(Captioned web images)
------

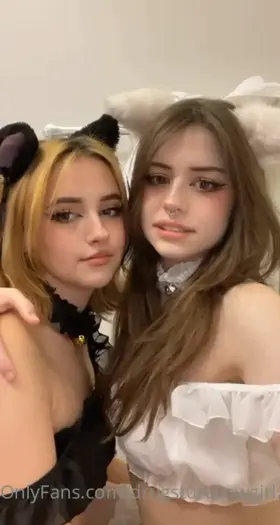 H4nnah With Friend - Check B3low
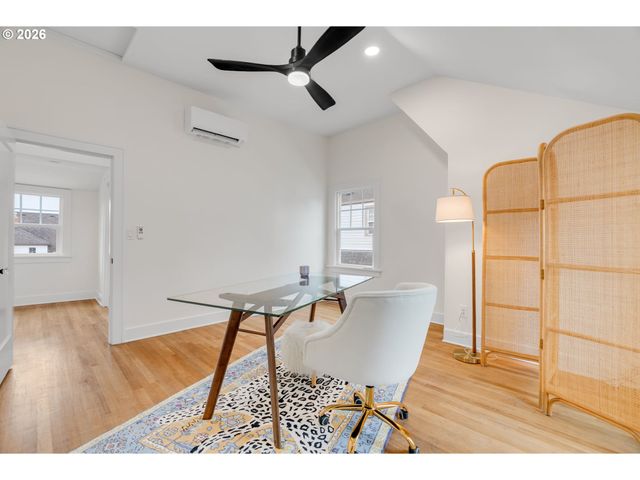 3117 Ne 33RD Ave, Portland, OR 97212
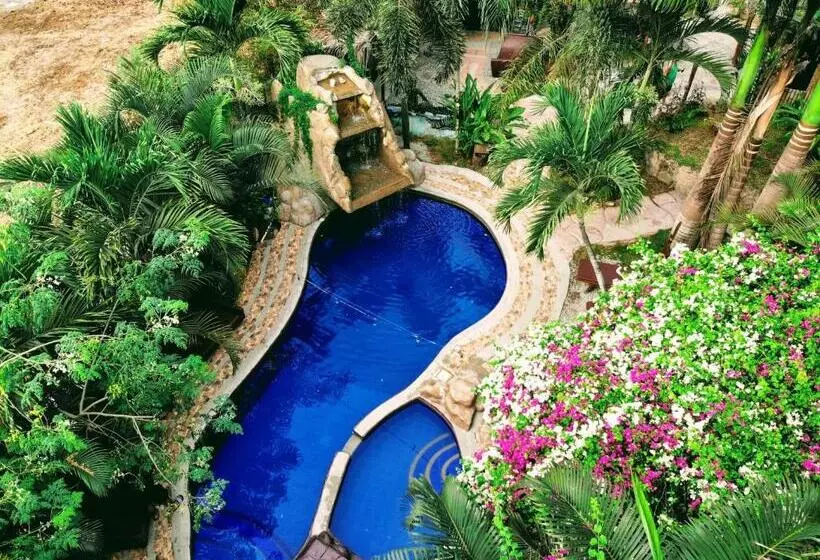 Me Hotel & Villas Montañita Estates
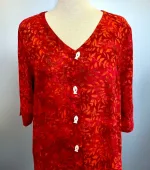 Skjortebluse 109 A-facon med Knapper - Løv Rød, vidde, lang, let, rød, knaldrød, rigtig, lang, skjorte, bluse, let, jakke, fest, farver, farveglad, farverig, smuk, akvarel, batik, batiktryk, batikfarver, håndlavet, tryk, stoftryl, holdbar, kvalitet, natur, åndbar, bomuld, silke, biti, ribe, store, størrelser, curvy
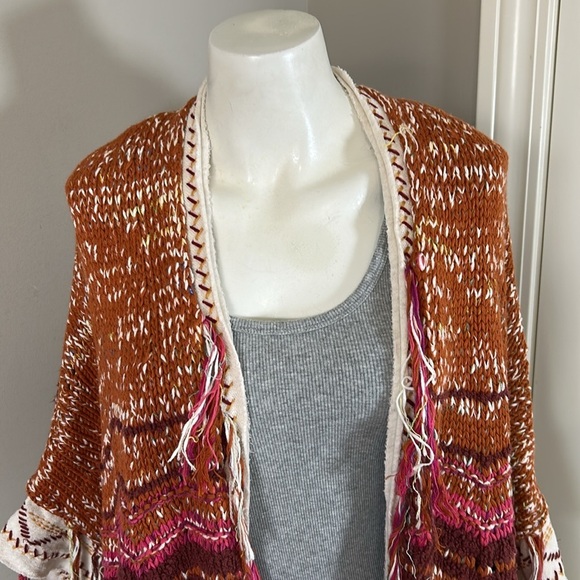 Free People Skies The Limit Cardigan Desert Dream Combo Longline Fringe Sz S - Picture 6 of 16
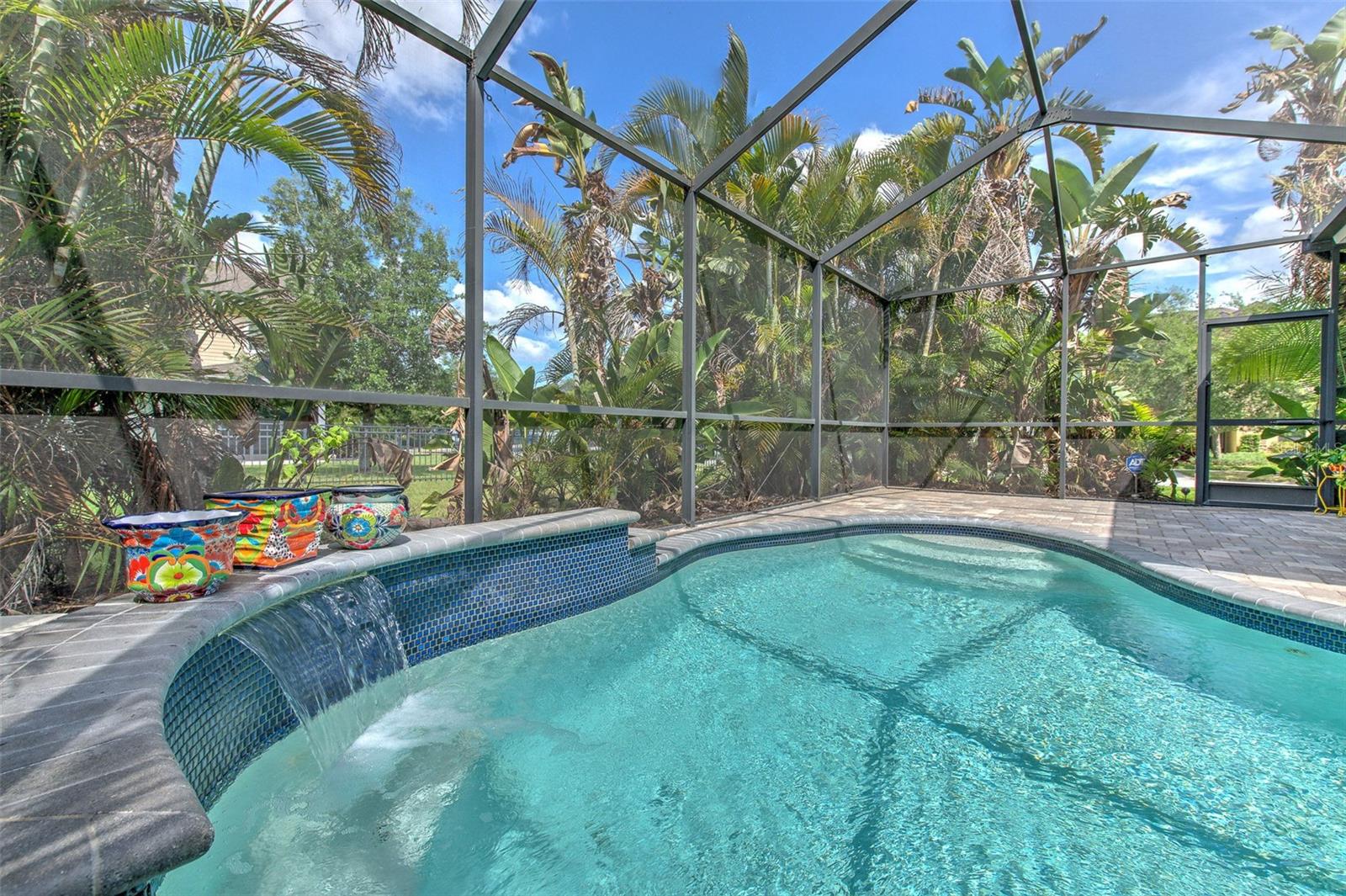 6540 Park Strand Dr Property Photo 7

------

**WORK ITEM:**
Word for word, retype the lines from the one with "Me Hotel & Villas Montañita Estates" through the final line of the data, both included. No pictures belong in the copy.

**SOLUTION FOR THIS EXERCISE:**
 Me Hotel & Villas Montañita Estates
 Skjortebluse 109 A-facon med Knapper - Løv Rød, vidde, lang, let, rød, knaldrød, rigtig, lang, skjorte, bluse, let, jakke, fest, farver, farveglad, farverig, smuk, akvarel, batik, batiktryk, batikfarver, håndlavet, tryk, stoftryl, holdbar, kvalitet, natur, åndbar, bomuld, silke, biti, ribe, store, størrelser, curvy
 Free People Skies The Limit Cardigan Desert Dream Combo Longline Fringe Sz S - Picture 6 of 16
 6540 Park Strand Dr Property Photo 7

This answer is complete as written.